Well the bike is great, it is so much differnt than all the steel bikes im used to (Bianchi Columbus circa 1987!). Since this bike is extremly stiff i am still not quite used to the handling of it, its going to take a while, I actually crashed it in a crit which resulted a jammed headset(lower part) and a ding in my rim and a few cosmetic chips on the frame...Lucky. I used it in a road race and did very well, although there was about 5 or more crashes I avoided. I guess I need more riding time to get used to the handling of it. Again, this bike is extremly stiff in comparison to what im used to, and much better quality.


----------



## 1OldFart (Mar 10, 2006)

If you haven' read my "handling thread" - flipping the stem around to raise the handelbar helped my handling. It took some weight off the hands. I too cut my teeth on steel bikes in the 70's and 80's and found the Onix handling rather lively. Enjoy your new ride!


----------



## Dannyw72 (Apr 8, 2006)

I'm loving every minute of my 05 onix. Enjoy!! It just keep feeling better and better now that i'm finally breaking it in. Haven't had the pleasure of any huge rides but soon enough. Hope your loving it.


----------



## 1OldFart (Mar 10, 2006)

Yes, I too are enjoying the qualities of my Onix more and more. The power transfer with the FSA crank & BB is quite amazing. It likes to go fast - I estimate about two mph faster than my old steel Merckx over the same course. The Onix also climbs like a mountain goat. Overall great value for money.
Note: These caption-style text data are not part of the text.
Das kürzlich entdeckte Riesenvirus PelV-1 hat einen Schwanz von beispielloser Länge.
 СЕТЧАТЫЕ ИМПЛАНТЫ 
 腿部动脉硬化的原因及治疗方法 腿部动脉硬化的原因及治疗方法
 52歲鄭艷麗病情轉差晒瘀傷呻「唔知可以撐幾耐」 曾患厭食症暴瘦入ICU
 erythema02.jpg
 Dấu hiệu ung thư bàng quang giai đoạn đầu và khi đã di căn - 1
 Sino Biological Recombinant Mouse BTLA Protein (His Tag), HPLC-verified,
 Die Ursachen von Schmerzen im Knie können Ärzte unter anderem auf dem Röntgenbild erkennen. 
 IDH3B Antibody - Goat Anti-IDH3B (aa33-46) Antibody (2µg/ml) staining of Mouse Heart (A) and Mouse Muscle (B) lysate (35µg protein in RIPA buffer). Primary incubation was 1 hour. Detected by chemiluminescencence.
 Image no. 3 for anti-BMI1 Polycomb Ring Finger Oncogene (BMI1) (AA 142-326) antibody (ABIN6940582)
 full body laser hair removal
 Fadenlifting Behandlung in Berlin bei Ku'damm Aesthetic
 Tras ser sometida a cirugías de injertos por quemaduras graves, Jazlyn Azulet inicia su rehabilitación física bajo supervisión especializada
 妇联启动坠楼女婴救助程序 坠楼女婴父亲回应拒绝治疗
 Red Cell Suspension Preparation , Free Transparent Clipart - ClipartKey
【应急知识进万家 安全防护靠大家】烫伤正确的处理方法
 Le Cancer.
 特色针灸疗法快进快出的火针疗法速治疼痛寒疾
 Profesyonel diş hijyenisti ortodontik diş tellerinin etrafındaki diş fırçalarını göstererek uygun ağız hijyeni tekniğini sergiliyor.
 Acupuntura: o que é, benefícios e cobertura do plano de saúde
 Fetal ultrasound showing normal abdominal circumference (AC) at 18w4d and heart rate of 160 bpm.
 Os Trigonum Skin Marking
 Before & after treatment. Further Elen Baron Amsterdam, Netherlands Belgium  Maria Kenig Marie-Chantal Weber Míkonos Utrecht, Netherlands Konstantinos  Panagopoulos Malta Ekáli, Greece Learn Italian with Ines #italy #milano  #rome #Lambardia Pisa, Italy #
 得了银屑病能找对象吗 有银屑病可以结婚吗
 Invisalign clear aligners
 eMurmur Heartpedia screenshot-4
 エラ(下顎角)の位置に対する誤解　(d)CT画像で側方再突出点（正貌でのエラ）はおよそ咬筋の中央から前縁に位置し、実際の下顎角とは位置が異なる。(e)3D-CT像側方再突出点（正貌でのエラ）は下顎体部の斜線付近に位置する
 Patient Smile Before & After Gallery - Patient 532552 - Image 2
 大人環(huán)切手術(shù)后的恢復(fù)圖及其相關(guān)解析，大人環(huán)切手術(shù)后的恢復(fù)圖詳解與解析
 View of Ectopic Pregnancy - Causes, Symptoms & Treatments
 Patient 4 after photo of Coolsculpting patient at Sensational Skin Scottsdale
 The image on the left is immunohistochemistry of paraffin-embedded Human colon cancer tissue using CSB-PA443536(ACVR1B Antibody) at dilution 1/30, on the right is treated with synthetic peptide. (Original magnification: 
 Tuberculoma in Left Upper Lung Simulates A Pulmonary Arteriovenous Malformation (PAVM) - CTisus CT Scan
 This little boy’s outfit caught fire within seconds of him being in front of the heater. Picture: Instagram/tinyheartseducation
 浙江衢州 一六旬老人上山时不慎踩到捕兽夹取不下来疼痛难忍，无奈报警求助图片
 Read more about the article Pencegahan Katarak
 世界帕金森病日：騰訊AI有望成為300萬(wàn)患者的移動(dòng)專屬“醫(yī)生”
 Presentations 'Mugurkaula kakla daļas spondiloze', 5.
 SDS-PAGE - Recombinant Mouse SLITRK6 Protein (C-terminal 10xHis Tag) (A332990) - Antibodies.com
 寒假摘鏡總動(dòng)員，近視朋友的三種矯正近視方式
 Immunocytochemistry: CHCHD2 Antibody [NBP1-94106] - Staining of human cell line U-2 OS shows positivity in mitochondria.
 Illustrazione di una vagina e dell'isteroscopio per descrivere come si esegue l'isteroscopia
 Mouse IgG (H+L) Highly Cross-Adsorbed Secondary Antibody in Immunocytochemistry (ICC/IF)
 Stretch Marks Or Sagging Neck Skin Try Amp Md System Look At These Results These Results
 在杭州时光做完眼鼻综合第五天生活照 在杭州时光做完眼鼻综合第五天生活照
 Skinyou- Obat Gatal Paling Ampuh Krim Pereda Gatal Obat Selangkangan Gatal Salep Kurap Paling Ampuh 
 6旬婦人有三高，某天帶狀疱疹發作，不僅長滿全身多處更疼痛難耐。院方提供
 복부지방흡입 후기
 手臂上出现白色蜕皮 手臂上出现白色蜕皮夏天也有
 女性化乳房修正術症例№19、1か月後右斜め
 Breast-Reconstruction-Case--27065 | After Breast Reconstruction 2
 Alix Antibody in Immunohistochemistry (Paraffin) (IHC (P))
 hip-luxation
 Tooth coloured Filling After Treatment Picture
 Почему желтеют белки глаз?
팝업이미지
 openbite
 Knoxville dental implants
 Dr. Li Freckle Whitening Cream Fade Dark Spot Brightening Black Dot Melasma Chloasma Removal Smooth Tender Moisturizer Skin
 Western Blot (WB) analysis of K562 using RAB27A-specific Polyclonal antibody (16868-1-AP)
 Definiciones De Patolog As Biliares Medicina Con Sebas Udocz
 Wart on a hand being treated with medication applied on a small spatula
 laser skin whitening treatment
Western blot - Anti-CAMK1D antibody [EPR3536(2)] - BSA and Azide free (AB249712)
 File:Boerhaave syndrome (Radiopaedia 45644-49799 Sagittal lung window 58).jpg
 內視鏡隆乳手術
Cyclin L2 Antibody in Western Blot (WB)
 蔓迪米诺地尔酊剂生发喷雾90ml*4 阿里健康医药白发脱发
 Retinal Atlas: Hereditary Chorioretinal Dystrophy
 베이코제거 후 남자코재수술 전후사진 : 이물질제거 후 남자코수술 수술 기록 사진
So, let them ride their Trek, Specialzed or another big name bike.........the Orbea has class and an European heritage.

Many happy and safe miles,


----------



## pspande (Jan 5, 2006)

*Just got mine*

Picked up an 05 Onix (Chorus/Silver) this weekend. I have about 150 miles on it so far and it is astounding. Those interested in Onix and needing a 54 or a 60, look into the 05 model. I'm told Orbea still has some. The 06 is awesome - frame essentially unchanged but the 05 has a lighter, all carbon fork (like the one they use for the 06 Opal) and I like the way they outfitted the 06 (this could be addressed with Made to Order or a build it yourself.) 

My new problem, having my recovery rides stay recovery rides. This bike begs to be ridden fast!


----------